Output latitude question of backward

When customizing the activation function with one parameter, the latitude of weight is (C = 32, H = 1, w = 1). When I implement the backward method, The latitude of grad_ weight is (B = 30, C = 32, H = 1, W = 1). I tried to average the batch latitude data of grad_ weight to obtain the latitude (C = 32, H = 1, w = 1). In both cases, there is no problem with my network. It puzzles me, No matter whether the grad_weight output is (b = 30, C = 32, H = 1, w = 1) or (C = 32, H = 1, w = 1), my network seems to have no problem running.

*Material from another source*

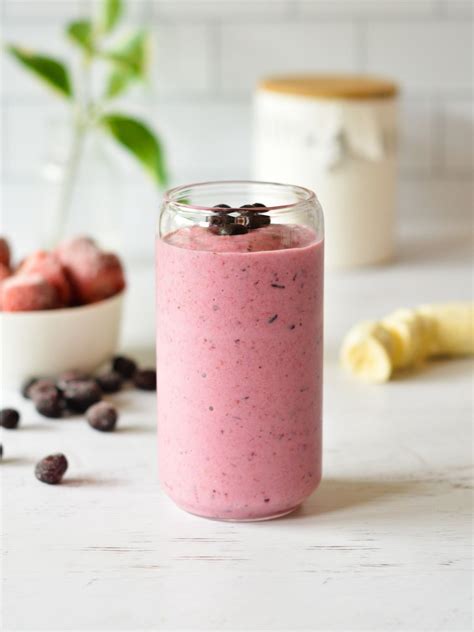 Strawberry Blueberry Banana Smoothie - Sip Sip Smoothie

I can still get the updated value of the weight of the custom layer, and the latitude of weight is still (C = 32, H = 1, w = 1).In the face of this situation, how should I deal with it?
Here is my codeļ¼š

class PDELU(torch.autograd.Function):

    @staticmethod
    def forward(ctx, input, weight):     # input.size()->(30,32,116,144)      weight.size()  ->  (32,1,1)
        t = 0.9
        output = torch.clone(input)
        weight_ = weight.expand(input.size())  
        output[input <= 0] = weight_[input <= 0]*((1+(1-t)*output[input <= 0])**(1/(1-t))-1)
        ctx.save_for_backward(input, weight, output)
        # print(output.size())
        return output    #  output.size()  -> (30,32,116,144)

    @staticmethod
    def backward(ctx, grad_outputs):  # grad_outputs.size()-> (30,32,116,144)

        t = 0.9
        input, weight, output = ctx.saved_tensors
        weight_ = weight.expand(input.size())
        grad_input_ = torch.clone(output)   # First calculate the gradient of the input with respect to the output
        grad_input_[input > 0] = 1
        grad_input_[input <= 0] = ((output[input <= 0] + weight_[input <= 0])**t)*(weight_[input <= 0]**(1-t))
        grad_input = grad_input_*grad_outputs   # Calculate the gradient of the input with respect to the loss function
        grad_weight_ = torch.clone(input)
        grad_weight_[input > 0] = 0
        grad_weight_[input <= 0] = (1+(1-t)*input[input <= 0])**(1/(1-t))-1     
        grad_weight = torch.sum((grad_weight_ * grad_outputs), dim=(-2, -1), keepdim=True)

        return grad_input, grad_weight    # grad_input.size()-> (30,32,116,144)   grad_weight.size()->(30,32,1,1)